Skip to content

bediger4000/Self-replicating-go

Repository files navigation

Self-replicating Go program

And bonus narcissistic program!

Go's fmt formatted I/O package has an interesting verb, "%q". Suppose your Go program has composed a string value that contains newlines, double-quote characters or other escapable characters. Pass such a string as an argument to one of the fmt functions (like fmt.Printf()) and use "%q" as the verb. fmt.Printf() will escape all escapable characters in the resulting output.

Go also has two ways to indicate "string literal", the usual C-style double-quoted string, and a back-tick ("grave accent") quoted string. Double-quoted strings get examined for escaped characters, like "\n" for newline, etc. Back-quoted strings don't get examined for escaped characters, and you can embed single and double quote characters in them.

Between the "%q" verb and the back-quoted string literals, writing a self-replicating program ("quine") in Go becomes a good deal simpler than in C.

This quine is going to look like the "associate of a number" that Raymond Smullyan has fun with in the Monte Carlo lock section of The Lady or the Tiger. The combination to the Monte Carlo lock involves symbols that are effectively Concatenative Combinators. The "2" symbol quotes without evaluating the rest of the lock's combination, and the "3" symbol returns the "associate" of the rest of the lock's combination. The associate of a string is just the concatenation of "string"2"string", so "323" is the self-replicating Monte Carlo lock combination. This Go quine is going look like fmt.Printf(str, str), where str is both a valid Printf format string, and the argument so formatted.

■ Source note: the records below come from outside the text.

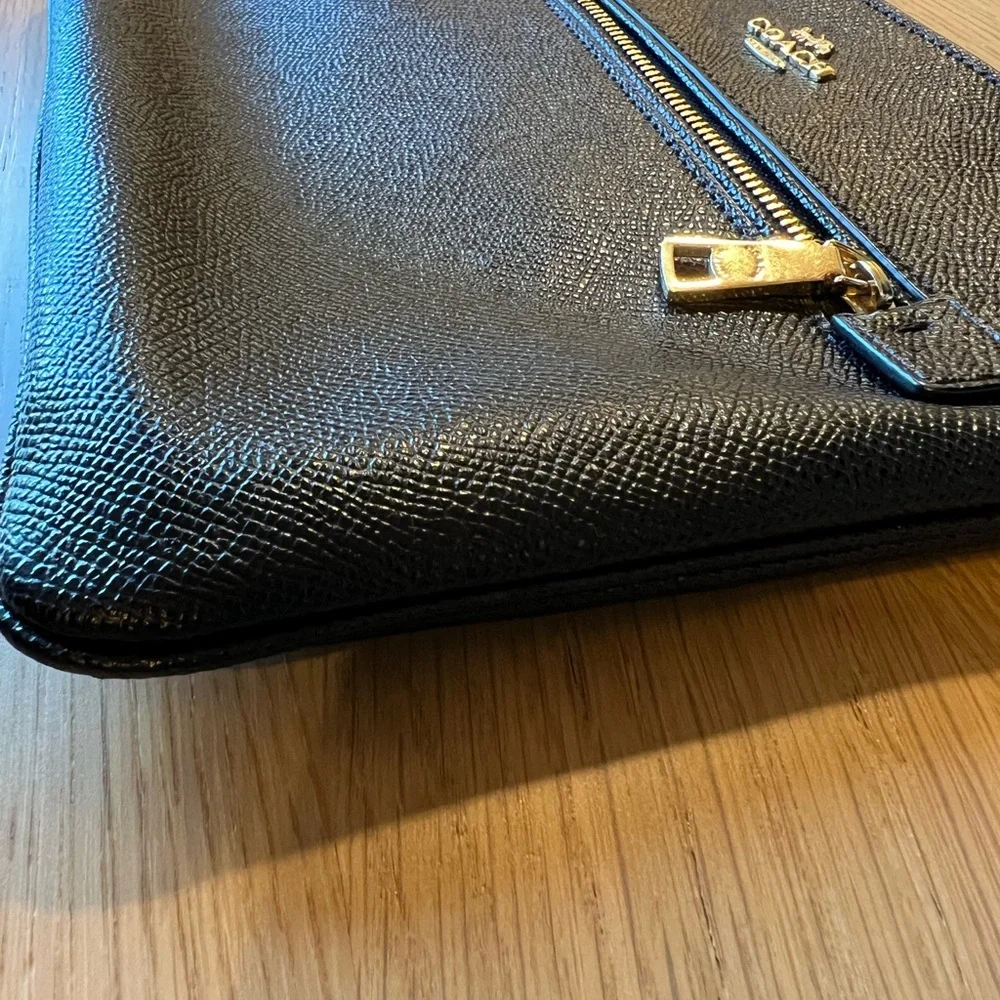 Coach Black Leather Wristlet - Picture 6 of 13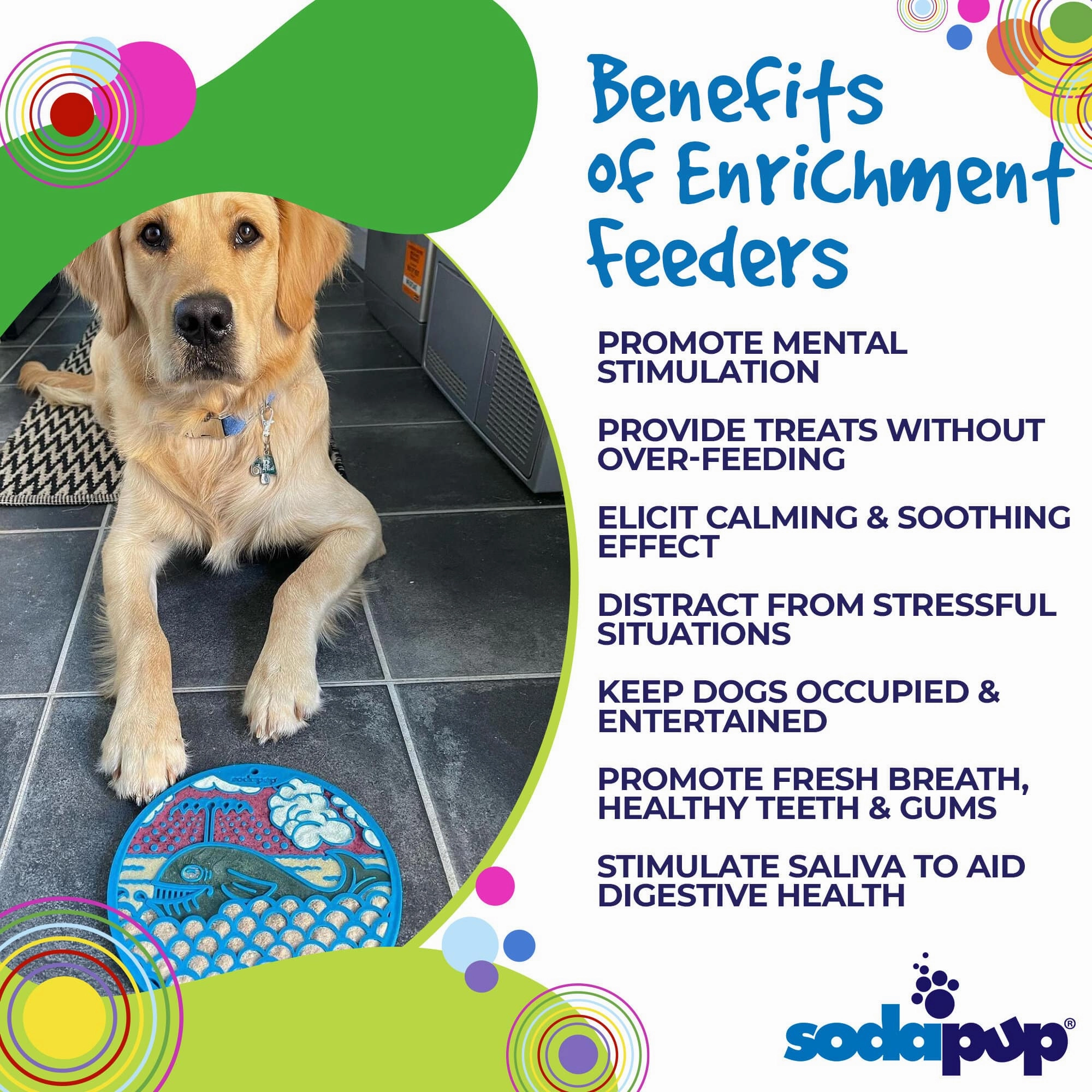 SodaPup Blue Whale Design eMat Enrichment Lick Mat With Suction Cups for Dogs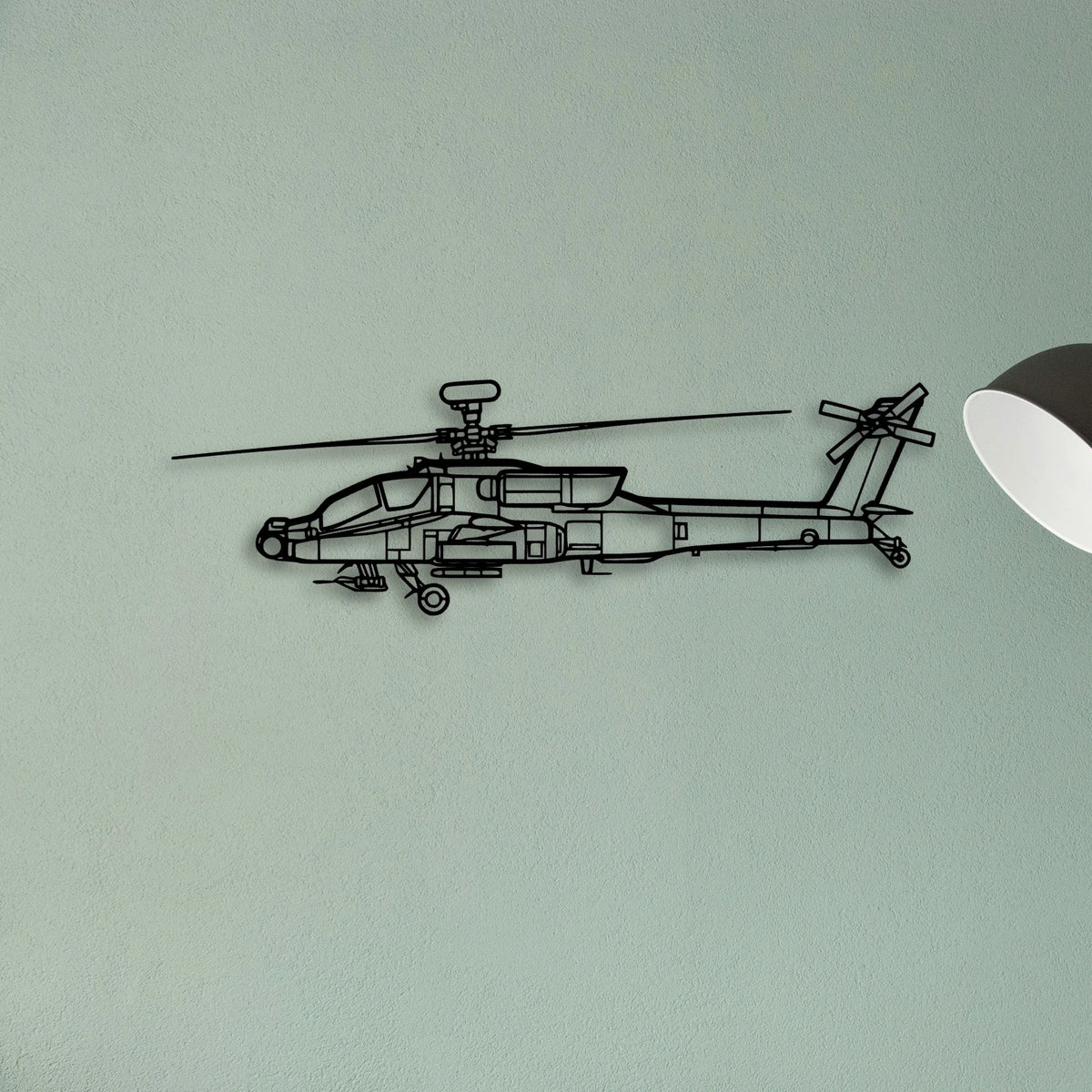 Ah 64D Apache 2 Classic Aircraft Silhouette Metal Wall Art - Tinvibe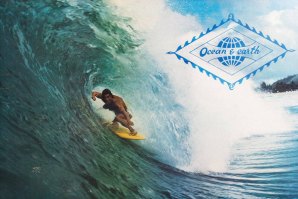 O fundador da marca, Brian Cregan, no Havai na década de 70. Foto: Ocean &amp;Earth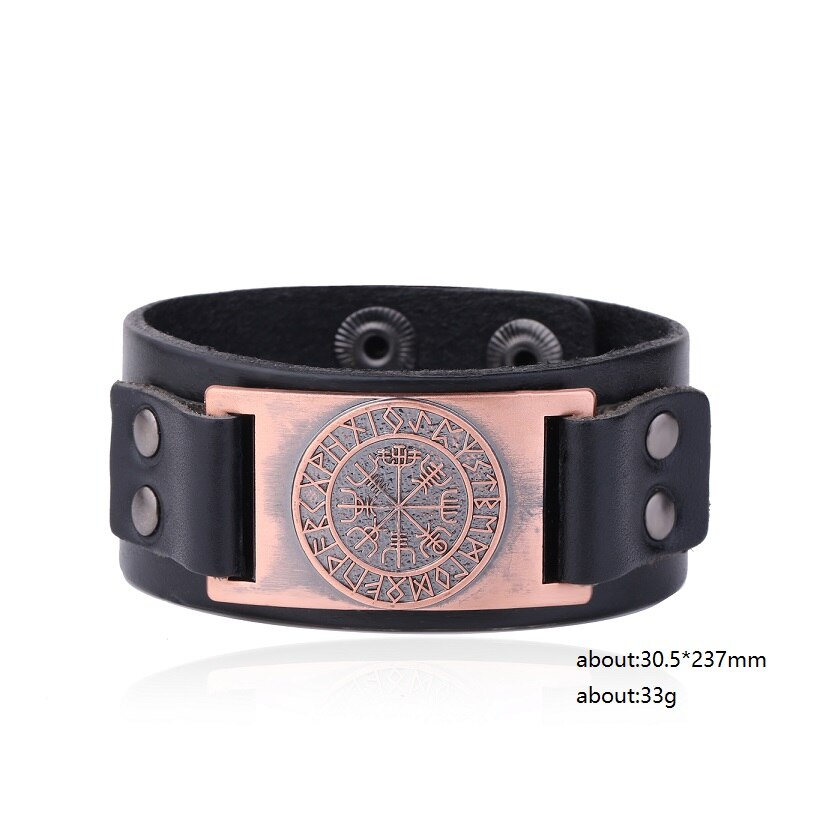 Wiccan Compass Bracelets Bangles for Men Nordic Runes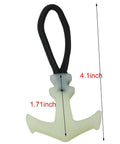 8 Piece Luminous Tail Cord Zip Puller Set For Outdoor Backpacks 42x44mm Heavy Duty TPU Extenders With T Shape Label Holders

You could also interpret this form as the Combinatory Logic term M M. There's a hidden application operation in the term, so M M actually ends up as Apply(M, M).

Step 1 - Go necessities

Go the language is pretty militant about some minimal formatting. We start with some boilerplate, and the "associate" of something:

    package main
    
    import "fmt"
    
    func main() {
        h := `something`
        fmt.Printf(h, h)
    }

Note that the "something" string is a back-quoted string. We can put newlines, double quotes, whatever in it, and the Go compiler will just create an identical string literal.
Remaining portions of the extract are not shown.